Dataset items
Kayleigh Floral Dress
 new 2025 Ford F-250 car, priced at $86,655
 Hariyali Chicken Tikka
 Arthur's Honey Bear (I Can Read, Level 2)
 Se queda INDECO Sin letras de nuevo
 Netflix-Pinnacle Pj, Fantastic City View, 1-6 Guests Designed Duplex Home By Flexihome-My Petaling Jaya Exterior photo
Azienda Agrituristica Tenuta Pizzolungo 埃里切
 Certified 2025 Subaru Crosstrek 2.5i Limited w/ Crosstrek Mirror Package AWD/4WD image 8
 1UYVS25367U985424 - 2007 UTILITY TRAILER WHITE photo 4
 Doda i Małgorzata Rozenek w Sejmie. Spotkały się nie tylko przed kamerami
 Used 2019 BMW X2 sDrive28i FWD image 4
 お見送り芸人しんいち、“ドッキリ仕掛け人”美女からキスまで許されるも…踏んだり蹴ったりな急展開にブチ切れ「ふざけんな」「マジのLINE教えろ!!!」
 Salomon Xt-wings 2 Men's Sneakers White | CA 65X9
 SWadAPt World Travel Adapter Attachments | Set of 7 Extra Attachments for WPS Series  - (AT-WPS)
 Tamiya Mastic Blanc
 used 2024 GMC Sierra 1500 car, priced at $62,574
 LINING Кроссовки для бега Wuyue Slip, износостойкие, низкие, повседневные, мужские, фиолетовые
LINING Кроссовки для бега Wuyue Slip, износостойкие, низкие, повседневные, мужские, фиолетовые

* _Exercise_
Every record above is to be copied out again exactly as written.

* _Exercise output_
Kayleigh Floral Dress
 new 2025 Ford F-250 car, priced at $86,655
 Hariyali Chicken Tikka
 Arthur's Honey Bear (I Can Read, Level 2)
 Se queda INDECO Sin letras de nuevo
 Netflix-Pinnacle Pj, Fantastic City View, 1-6 Guests Designed Duplex Home By Flexihome-My Petaling Jaya Exterior photo
Azienda Agrituristica Tenuta Pizzolungo 埃里切
 Certified 2025 Subaru Crosstrek 2.5i Limited w/ Crosstrek Mirror Package AWD/4WD image 8
 1UYVS25367U985424 - 2007 UTILITY TRAILER WHITE photo 4
 Doda i Małgorzata Rozenek w Sejmie. Spotkały się nie tylko przed kamerami
 Used 2019 BMW X2 sDrive28i FWD image 4
 お見送り芸人しんいち、“ドッキリ仕掛け人”美女からキスまで許されるも…踏んだり蹴ったりな急展開にブチ切れ「ふざけんな」「マジのLINE教えろ!!!」
 Salomon Xt-wings 2 Men's Sneakers White | CA 65X9
 SWadAPt World Travel Adapter Attachments | Set of 7 Extra Attachments for WPS Series  - (AT-WPS)
 Tamiya Mastic Blanc
 used 2024 GMC Sierra 1500 car, priced at $62,574
 LINING Кроссовки для бега Wuyue Slip, износостойкие, низкие, повседневные, мужские, фиолетовые
LINING Кроссовки для бега Wuyue Slip, износостойкие, низкие, повседневные, мужские, фиолетовые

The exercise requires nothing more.